*Directions for this task*:
Leaving out every picture, quote the data below exactly as it appears.

*Exercise input*:
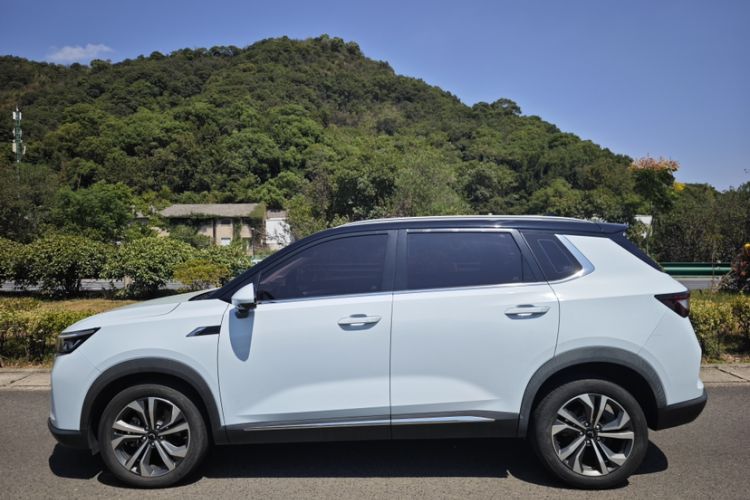 Used Wuling Asta 2022 2.0L DHT Electric-Speed Version Exterior 1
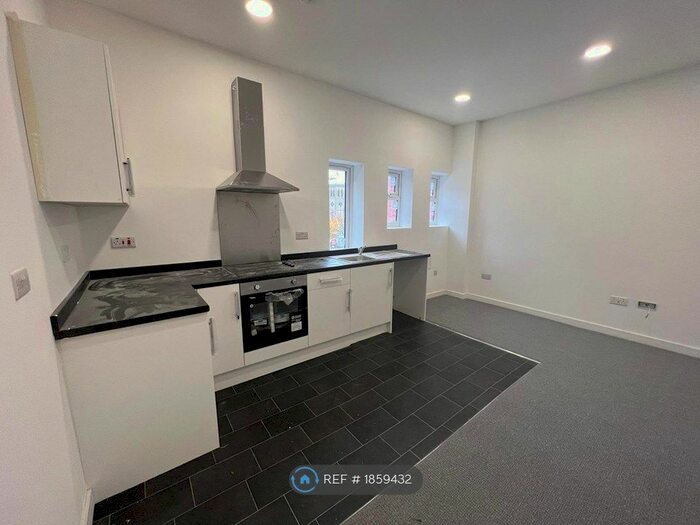 1 Bedroom Flat To Rent In Grosvenor Street, Stalybridge, SK15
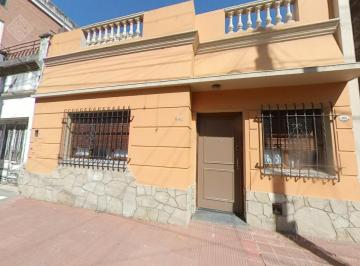 Casa · 166m² · 4 Ambientes · Excelente Casa de Corte Antiguo Reciclada a Nuevo!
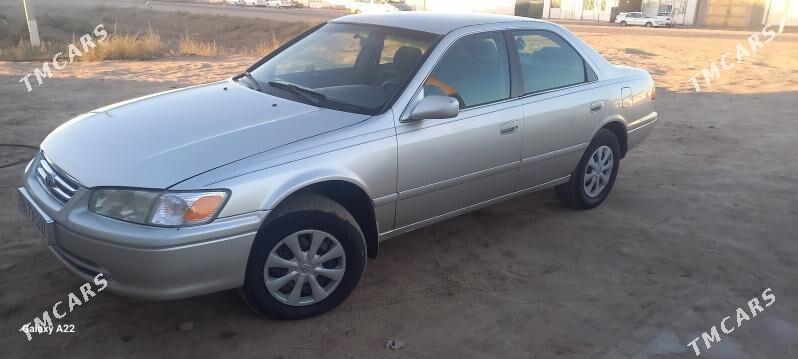 Toyota Camry 2001 - 160 000 TMT - етр. Туркменбаши - img 1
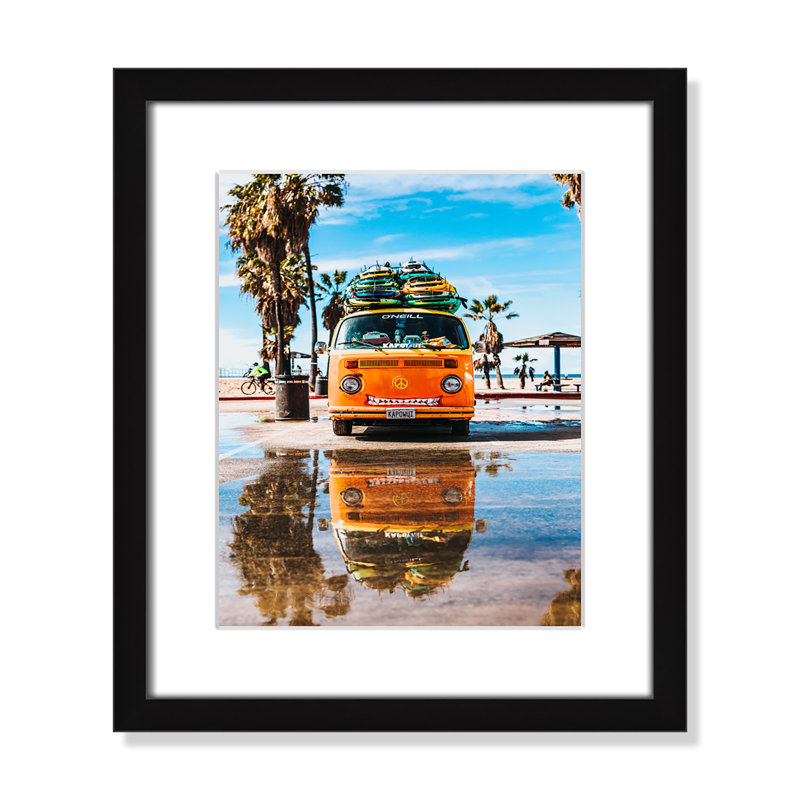 «Coastal Cruiser» par Tyler Nix, H 15 po x l 13 po x P 1,25 po, Cadre noir, Blanc mat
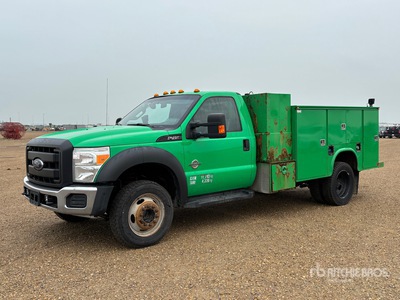 2016 Ford F-450 XL 4x4 Utility Truck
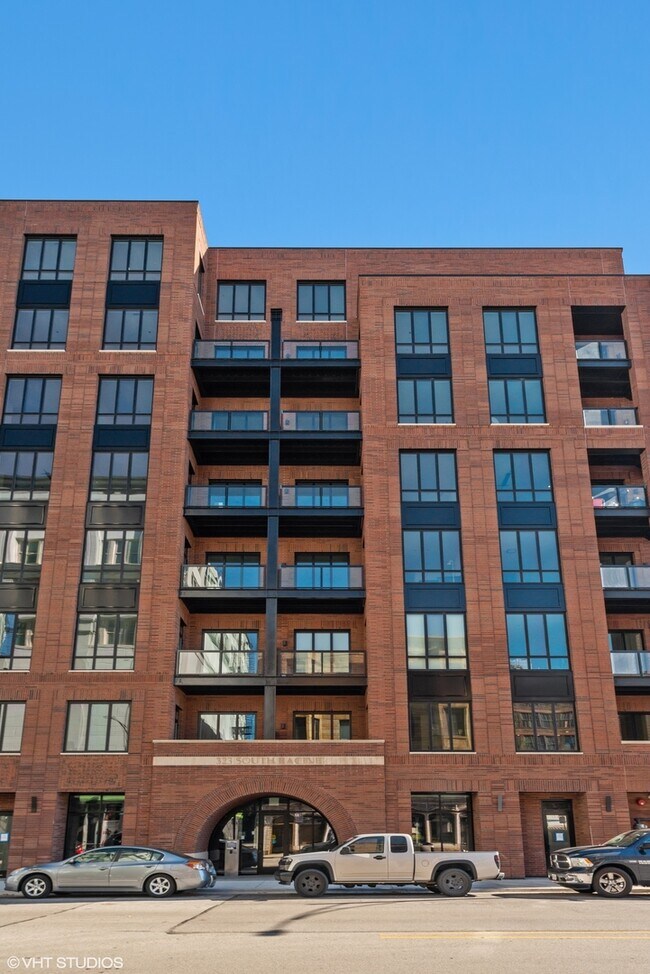 Building Photo - 323 S Racine Ave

*Output for this exercise*:
 Used Wuling Asta 2022 2.0L DHT Electric-Speed Version Exterior 1
 1 Bedroom Flat To Rent In Grosvenor Street, Stalybridge, SK15
 Casa · 166m² · 4 Ambientes · Excelente Casa de Corte Antiguo Reciclada a Nuevo!
 Toyota Camry 2001 - 160 000 TMT - етр. Туркменбаши - img 1
 «Coastal Cruiser» par Tyler Nix, H 15 po x l 13 po x P 1,25 po, Cadre noir, Blanc mat
 2016 Ford F-450 XL 4x4 Utility Truck
 Building Photo - 323 S Racine Ave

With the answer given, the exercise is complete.